Alberto Campo Baeza rejeita o rótulo de minimalista, vive sem carro, telemóvel e televisão e prefere livros de poesia aos de arquitectura

O arquitecto espanhol Alberto Campo Baeza explicou anteontem à noite a um público que enchia por completo a Sala 2 da Casa da Música que a arquitectura é uma arte "tão precisa como a poesia". Reconhecidamente um dos mais importantes arquitectos espanhóis da actualidade, Campo Baeza é uma personagem algo peculiar no círculo dos grandes arquitectos internacionais: não só por persistir em manter um escritório pequeno, com apenas três colaboradores, mas também pela sua opção de viver no terceiro milénio sem carro, televisão ou telemóvel.

Garante ainda a breve nota biográfica enviada pelo seu atelier que a biblioteca pessoal de Campo Baeza tem mais livros de poesia do que de arquitectura. De facto, ao longo desta conferência, integrada num programa co-organizado pela Secção Regional Norte da Ordem dos Arquitectos e pela Faculdade de Arquitectura da Universidade do Porto, o orador evocou provavelmente mais poetas - incluindo Camões e Sophia - do que arquitectos. E também citou uma mão-cheia de pensadores, de Platão, com a sua máxima de que "o belo é o esplendor da verdade", à filósofa espanhola Maria Zambrano.

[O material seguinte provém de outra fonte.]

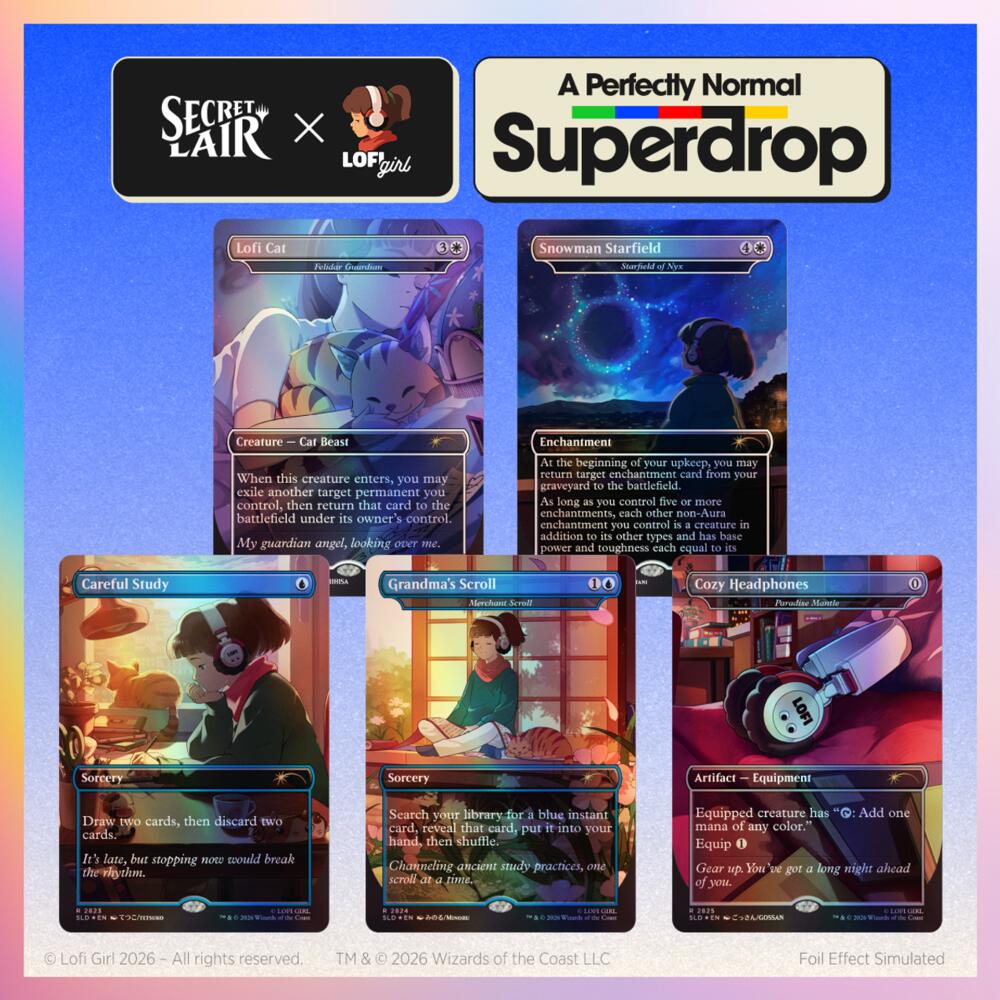 Secret Lair Drop: Secret Lair x Lofi Girl: Beats to Cast To - Traditional Foil Edition - Secret Lair Drop Series (SLD)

Assumidamente devedor, tal como Souto de Moura - seu "amigo de há muito anos" -, de Mies van der Rohe, Campo Baeza confessou ficar com os cabelos em pé sempre que lhe colam o rótulo de minimalista (e fazem-no com frequência), mas admitiu integrar essa família de arquitectos que, como notou Nuno Grande ao apresentá-lo, apostam "num mínimo de elementos e meios para obter o máximo efeito".

A noção principal que Baeza quis transmitir à plateia foi a de que a arquitectura se faz com ideias, mas que essas ideias têm de poder ser construídas e de se traduzir em obras que permaneçam no tempo. Muito crítico da arquitectura que hoje "enche os meios de comunicação social", acrescenta que "uma ideia não é a primeira coisa que nos passa pela cabeça" e lamenta que as revistas de arquitectura estejam "cheias de coisas simpáticas, peculiares, provocatórias, mas que não são ideias para ser construídas, nem respondem às inúmeras questões que a arquitectura hoje coloca".

Nas várias obras suas que depois comentou, insistiu sempre na intenção central subjacente a cada uma delas, mais do que nos recursos de que se serviu para dar corpo a essa ideia prévia. Um dos projectos mais fascinantes que apresentou foi o do Museu da Memória da Andaluzia, em Granada, onde já tinha desenhado, em 2001, a sede da Caja de Granada, com o seu pátio elíptico a céu aberto, que, apesar da sua configuração modernista, reproduz exactamente as dimensões do pátio desenhado pelo arquitecto seiscentista espanhol Pedro Machuca para o Palácio de Carlos V, na colina de Alhambra. A ideia de Campo Baeza para o novo edifício foi de o pôr a dialogar com a Caja de Granada, criando assim, entre ambos, um novo pedaço de cidade. E fê-lo de uma forma tão simples como genial. Não só colocou o museu alinhado com o banco, como o fez com a mesma altura e a mesma largura. O resultado é que o novo museu parece uma delgada fatia que alguém cortou ao edifício do banco.